À 23 ans, il a inventé un outil pour détruire Amazon, conçu le premier site pour lutter contre le sexisme ordinaire et a même fait d’Eva Joly une politique pop. De petites actions qui, mises bout à bout, tissent l’étoffe d’un bidouilleur brillant dont la tête contient une grande idée d’avenir. Rencontre avec un designer qui a décidé de reconstruire la politique. Et la société avec. 
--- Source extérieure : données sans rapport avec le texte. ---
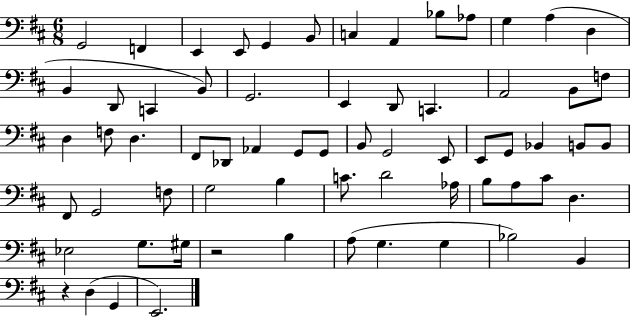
X:1
T:Untitled
M:6/8
L:1/4
K:D
G,,2 F,, E,, E,,/2 G,, B,,/2 C, A,, _B,/2 _A,/2 G, A, D, B,, D,,/2 C,, B,,/2 G,,2 E,, D,,/2 C,, A,,2 B,,/2 F,/2 D, F,/2 D, ^F,,/2 _D,,/2 _A,, G,,/2 G,,/2 B,,/2 G,,2 E,,/2 E,,/2 G,,/2 _B,, B,,/2 B,,/2 ^F,,/2 G,,2 F,/2 G,2 B, C/2 D2 _A,/4 B,/2 A,/2 ^C/2 D, _E,2 G,/2 ^G,/4 z2 B, A,/2 G, G, _B,2 B,, z D, G,, E,,2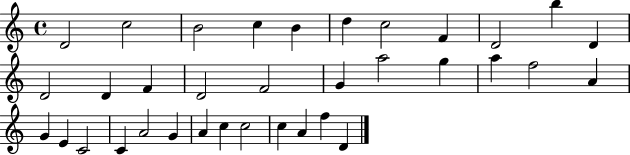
X:1
T:Untitled
M:4/4
L:1/4
K:C
D2 c2 B2 c B d c2 F D2 b D D2 D F D2 F2 G a2 g a f2 A G E C2 C A2 G A c c2 c A f D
Certains parleraient d’audace, beaucoup prendraient ça comme de l’indélicatesse. Quand il reçoit, Elliot Lepers s’assoit le nez dans son téléphone, puis s’excuse. Revient 5 minutes plus tard puis s’excuse encore. Revient 20 minutes plus tard puis commence par faire la leçon, fouillée, sur l’histoire du design.

Design qui ne trompe pas

Une attitude qui traduit une certaine confiance. En quelques années, Elliot Lepers a animé l’une des premières émissions consacrées à l’activité créative Web sur Canal +, dirigé la campagne digitale des Verts, développé un outil qui permet de lutter contre l’omniprésence d’Amazon (Amazon Killer) ou conçu l’un des premiers sites qui s’attaque au sexisme ordinaire (Macholand). Du haut de ses 23 ans, le Parisien tient un CV qui frise l’insolence. Dans les médias, il apparaît souvent comme « le jeune génie du Web » - terme qui l’insupporte un maximum mais qui a le mérite de recouvrir une vérité : Elliot a choisi l’outil numérique pour s’exprimer. Sur son site et ses différentes pages Twitter, Medium, celui qu’on a vu défendre des causes féministes, écolos ou culturelles se définit comme un « designer de politique ». C’est d’ailleurs là que le cours commence, où plutôt dans l’Allemagne de 1910, quand le mouvement du Bauhaus décide de rationnaliser le rapport au design, pour s’interroger sur le fondement des choses.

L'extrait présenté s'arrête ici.